The Singular Power of Augmented Reality

“To this day, the virtual reality market has yet to prove itself, whereas there are hundreds of millions of phones that are compatible with augmented reality,” claims Nicolas S. Roy. “We often tend to combine the two acronyms, AR and VR, but they refer to two different technologies used for totally different purposes. What I find interesting with augmented reality is that the experience can change how you view the space in which you live. If you experience The Enemy in a park and the experience moves you, you’re sure to recall it the next time you pass in front of the same park.”

This accessibility translates to a modest number of downloads (15,000 on iOS) that is nevertheless more than respectable for a demanding documentary project. That being said, augmented reality has not yet been fully incorporated into the mainstream and certain unexpected behaviours may differ from what the creators expected. “We designed this application for it to be experienced outdoors. Karim wanted people to go outdoors and meet other people. However, the experience is often lived indoors. There is probably something intimidating about doing it outdoors in front of others,” explains Nicolas.

These limits are in part inherent to the technology and attributable to the public’s lack of maturity. However, they are far from having discouraged the co-producers of The Enemy. In fact, Dpt. continues to produce works in augmented reality, as does Camera Lucida: “We are currently at work on another virtual reality project, also accompanied by an augmented reality app, because I continue to believe that the two complement one another!” exclaims Chloé Jarry.

It’s a new work that will undoubtedly benefit from the immense experience gained during the (very) long time it took to produce The Enemy.

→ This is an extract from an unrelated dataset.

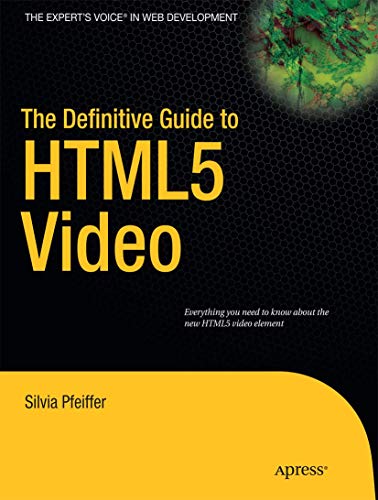 The Definitive Guide to HTML5 Video (Expert's Voice in Web Development) von Apress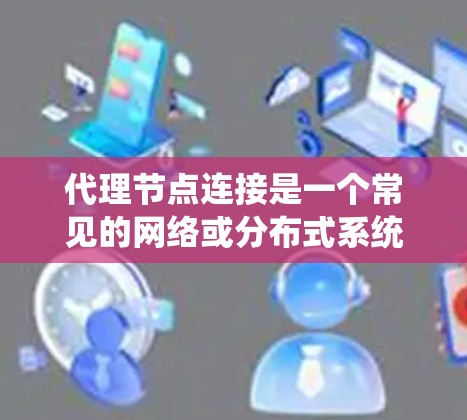 代理节点连接是一个常见的网络或分布式系统中的概念,具体含义取决于上下文。以下是一些可能的解释和相关信息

However, that is what it took to complete such an ambitious project which, despite having required a four-year gestation period, nevertheless managed to remain at the forefront of technologies and uses.

When released, The Enemy thus fit perfectly in two main trends: the democratization of mobile augmented reality experiences and the emergence of multiuser virtual reality setups, all the while conveying a simple and universal message that helps us to better understand virtual yet rehumanized combatants.